**Dataset section:**

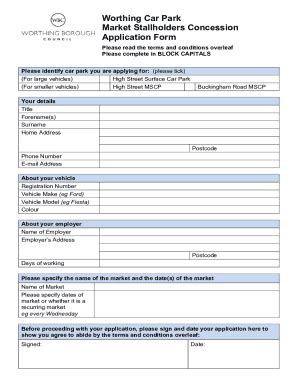 Fillable Online Market Stallholders Validation Concession Application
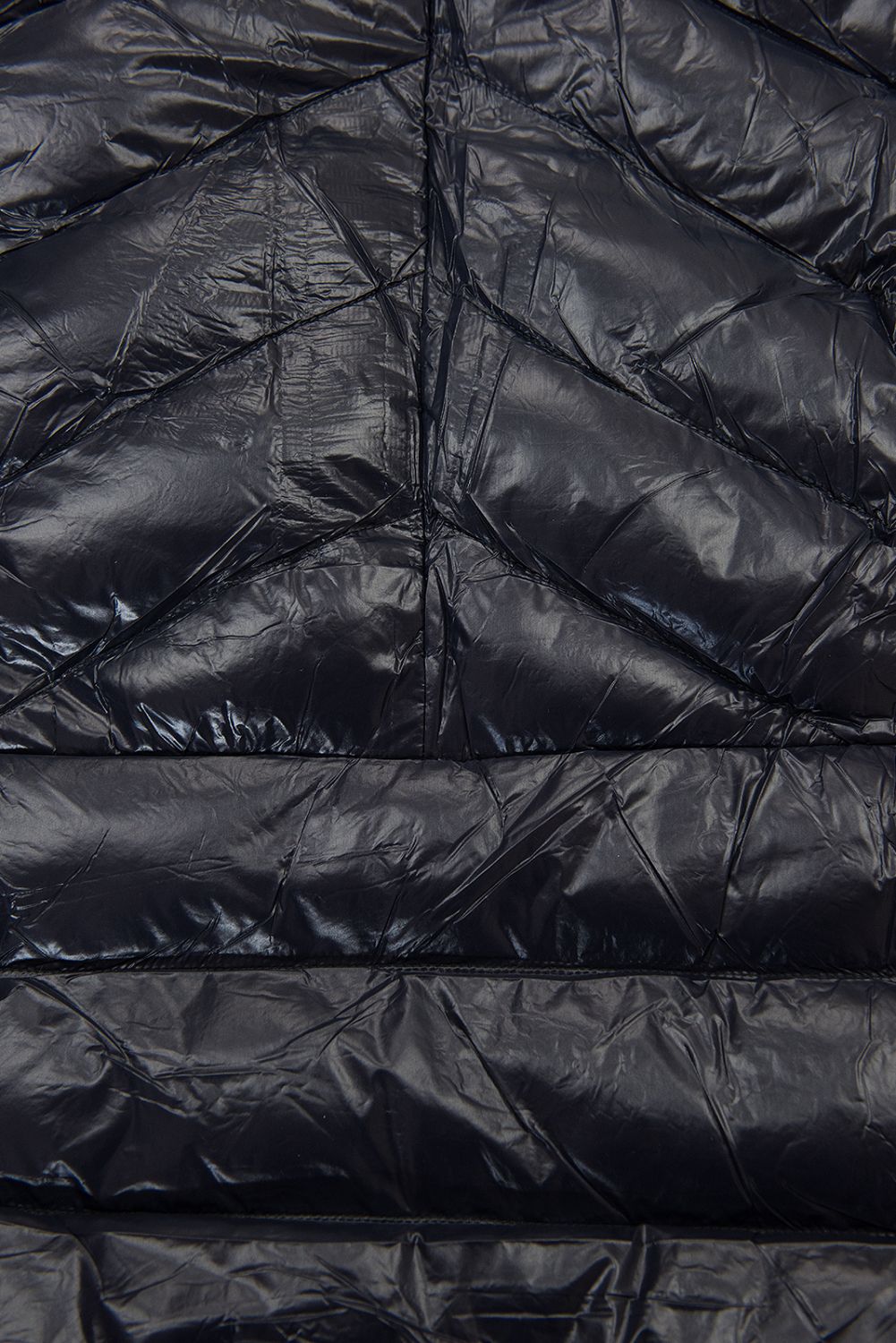 Tmavě modrá/béžová lesklá bunda s páskem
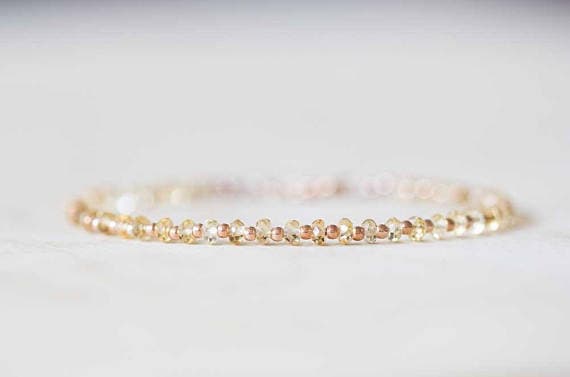 24k gold Empath Protection 3-3.5mm Yellow Citrine stacking Bracelet Rondelle , Faceted 18cm for mens, womens, gf, bf and adults.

**Exercise brief:** Everything in the data above, apart from the pictures, should be retyped exactly.

**Answer for the task:**
 Fillable Online Market Stallholders Validation Concession Application
 Tmavě modrá/béžová lesklá bunda s páskem
 24k gold Empath Protection 3-3.5mm Yellow Citrine stacking Bracelet Rondelle , Faceted 18cm for mens, womens, gf, bf and adults.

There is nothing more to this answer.